Jozua 16
Het grondgebied van de nakomelingen van Jozef
1Het lot wees de nakomelingen van Jozef het volgende grondgebied toe:
De grens begon in het zuiden bij de Jordaan, ter hoogte van Jericho, ten oosten van de bronnen van Jericho, en ging door de woestijn het bergland in, naar Betel. 2Van daar liep hij via Luz naar Atarot in het gebied van de Arkieten, 3daalde via het gebied van de Jafletieten en de streek rond Laag-Bet-Choron naar het westen en kwam via Gezer uit bij de zee.
4Dit was het grondgebied dat de nakomelingen van Jozef, de stammen Manasse en Efraïm, in bezit kregen.
Het grondgebied van de stam Efraïm
5De families van de stam Efraïm kregen het volgende grondgebied:
De zuidgrens begon ten oosten van Atrot-Addar, liep naar Hoog-Bet-Choron 6en eindigde bij de zee.
De oostgrens begon in het noorden bij Michmetat, liep in zuidoostelijke richting naar Taänat-Silo, waar hij oostelijk langs ging, en van daar verder naar Janoach. 7Vervolgens daalde hij naar Atarot en Naära, ging vlak langs Jericho en eindigde bij de Jordaan.
8De noordgrens liep vanaf Tappuach via de wadi Kana naar het westen en eindigde bij de zee.
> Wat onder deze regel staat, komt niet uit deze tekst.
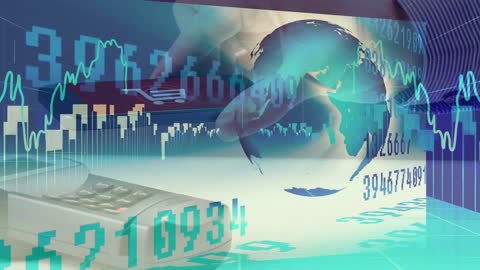 Global Finance Network with Digital Data and Payments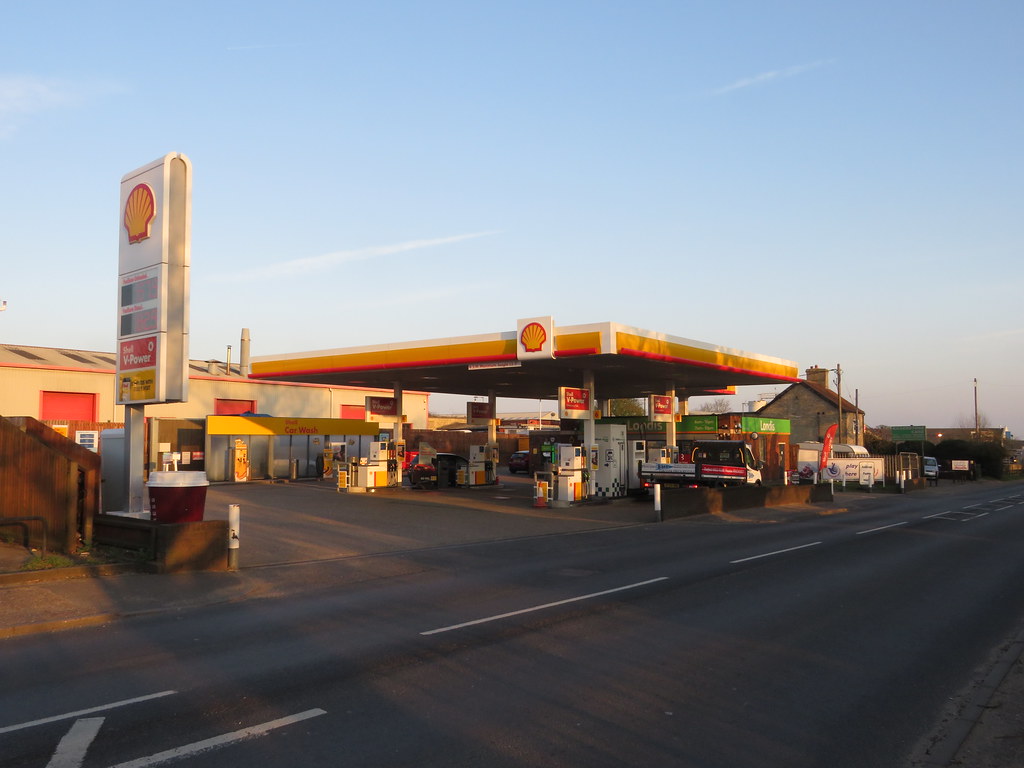 Shell Mundford Road, Thetford, Norfolk IP24 1NB 3 Flickr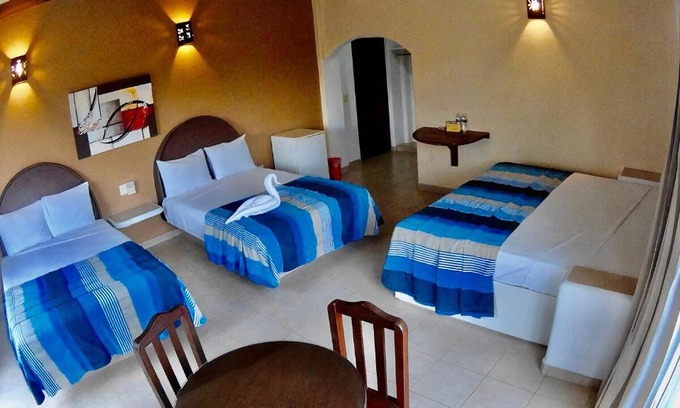 P Chahue Hotel | Hotel Bahia Huatulco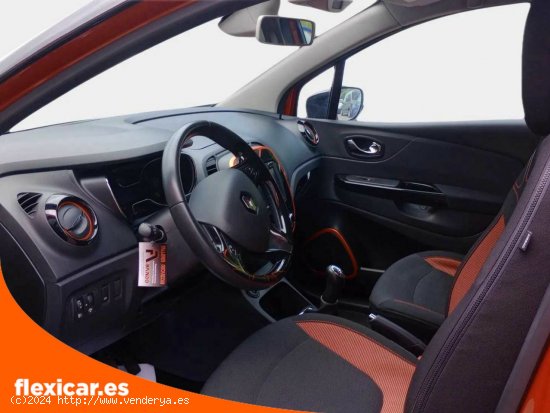 Renault Captur Zen Energy dCi 90 S&S eco2 - Galdakao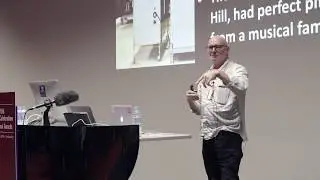 [2019C2] The Algorithmic Composer - Dr Paul Doornbusch (CSIRAC 70th 2)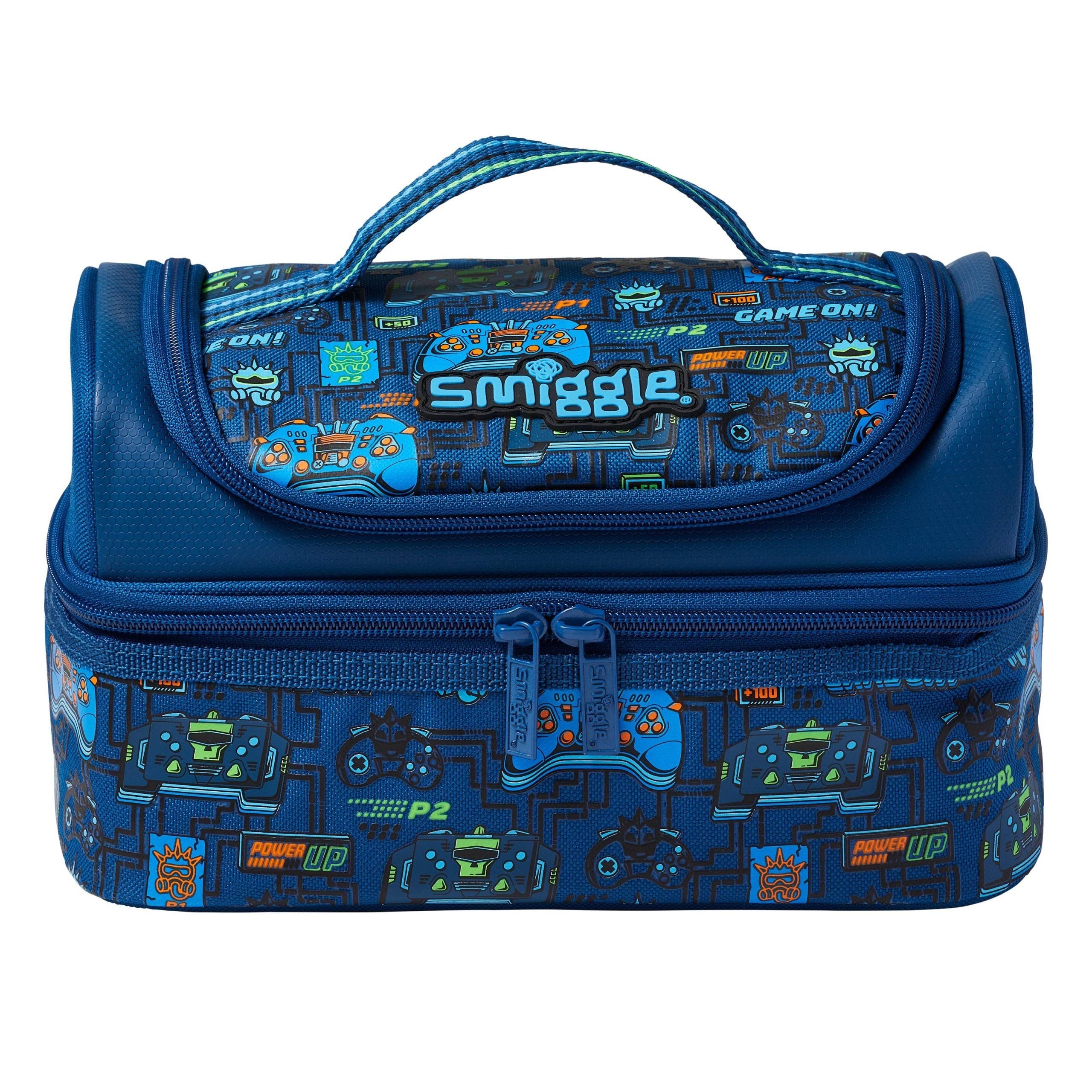 Smiggle - Fiambrera de Doble Capa Better Together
Dit was het grondgebied van de families van de stam Efraïm. 9Verder kregen ze nog enkele steden in het gebied van Manasse, met inbegrip van de omliggende dorpen. 10Maar de Kanaänieten uit Gezer konden ze niet verdrijven; die bleven in hun midden wonen, tot op de dag van vandaag. Ze werden echter gedwongen tot herendienst.